Es kam mir vor, als würden wir minutenlang nebeneinander sitzen, die anderen Leute beobachten und schweigen. Fast schon hätte ich behaupten können, seinen Atem an meiner Haut spüren und seinen Herzschlag hören zu können. Dass das aufgrund der lauten Musik jedoch mehr als unmöglich war, kam mir in diesem Moment, der mich so sehr fesselte und fast schon den Atem anhalten ließ, um ihn besser und folglich völlig ungestört genießen zu können, nicht in den Sinn – viel zu benebelt war ich von Mister Right, der neben mir saß und mir jeglichen Verstand, den ich hätte gebrauchen können, raubte. 

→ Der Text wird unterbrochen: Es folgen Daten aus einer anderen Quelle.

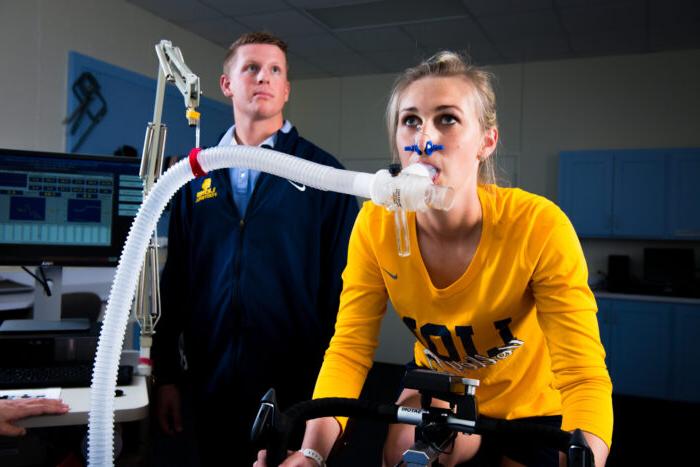 Young lady on exercise bike with ventilator tube measuring oxygen levels.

»Was hältst du davon, rauszugehen?«, kam er meinem Ohr ein wenig näher und hauchte die Worte, trotz der lauten Musik, sanft in mein Ohr. Sofort verkrampfte ich mich, mein Herz fing an zu pochen, als hätte ich eine freudigere Nachricht in meinem Leben noch nicht gehört, und meine Beine bewegten sich wie von alleine vorwärts und ließen mich von der Eckbank rutschen. Ohne ein Wort zu sagen, stand ich da und sah ihn wartend an.
»Komm.«, fügte ich noch hinzu, als er nicht reagierte und mich nur mit einem fragenden Blick musterte. Als ich noch ein Kopfnicken als Verstärkung hinzufügte, stand Tim endlich auf und griff nach meiner Hand. Ein Schauer, der mit einem Stromschlag der positiven Sorte zu vergleichen war, raste durch meinen Körper und brachte jedes einzelne Härchen in die Senkrechte. 

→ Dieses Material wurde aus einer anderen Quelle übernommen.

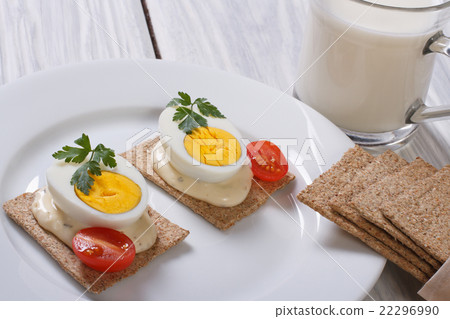 Cracker with a boiled egg, sauce and cherry tomato 22296990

Mit hängendem Kopf, da nicht jeder das breite Grinsen in meinem Gesicht erblicken sollte, quetschte ich mich hinter Tim her und durch die Menschenmenge, die sich freudig und mit der besten Laune, die sie hätten haben können, auf der Tanzfläche tummelte. Kaum hatte ich die Füße meiner besten Freundin entdeckt, hob ich meinen Blick, wurde einen Schritt langsamer und grinste sie voller Freude an. Ein verzogenes Gesicht, das mir ungefähr so viel wie »Holla« sagen sollte, blickte mir entgegen. Unkommentiert ließ ich sie einen Schritt vor mir stehen und übernahm den Platz, den Tim vorher eingenommen hatte, und zog ihn durch die Tür, an den Gesichtern der Raucher vorbei und auf den kleinen gepflasterten Weg. Langsam verloren sich unsere Finger und den Schritt, den ich schneller war, versuchte er keinesfalls aufzuholen. Als hätte jeder von uns beiden gewusst, dass wir wieder Richtung Bank gehen wollten, liefen wir schweigend hintereinander auf dem Pflaster entlang. Hätte mich jemand gefragt, was ich in dem Moment gefühlt oder gedacht habe, hätte ich es nicht beantworten können. Im Nachhinein wusste ich nur noch, dass ich in meinem Leben kaum so aufgeregt war, wie in diesen wenigen Sekunden, die mit voller Ungewissheit und doch so viel Ahnung gefüllt waren. 
»Warte doch mal.«, flüsterte Tim dann urplötzlich in die dunkle Nacht, was mich zum abrupten Stehenbleiben trieb. Langsam drehte ich mich mit einem Kribbeln im Bauch um, als er auf mich zukam, meinen Arm packte und mich rückwärts die letzten Schritte um die Hausecke schob und mich kurze Zeit später gegen die weiße Wand des Gemeindezentrums drückte. Voller Sehnsucht blickte er mir in die Augen, legte seine Hände an meine kalten Wangen und zog meinen Kopf näher an sich heran. Automatisch umgriff ich mit der einen Hand sein Handgelenk und strich mit der anderen über seinen Brustkorb, hinauf zum Hals und verharrte im Nacken, wo ich meine Finger in seine hellen Locken krallte. Der Moment, an dem unsere Lippen sich trafen, er langsam anfing, meine zu massieren und mit seiner Zunge langsam herüber strich, verging viel zu schnell, doch desto ruckartiger wurde ich in den Moment gerissen, an dem das Verlangen nach dem jeweils anderen an oberster Stelle stand. Sanft aber dennoch bestimmt drückte er seinen Körper gegen meinen, wanderte mit seiner Hand ebenso in meinen Nacken und suchte sich mit der anderen eine freie Stelle zwischen der Hauswand und meinem Körper, um dort zu verweilen. Ich spürte das Verlangen in seinen Küssen, die Sehnsucht in seinen Berührungen und das Kribbeln, welches sich unaufhörlich in meinem Körper, in meinen Venen und in meinen Lippen breitmachte. Ich wusste nicht, in welche Welt ich abtauchte, spürte aber, dass es eine Welt war, aus der ich in diesem Moment nicht so schnell wieder entfliehen wollte.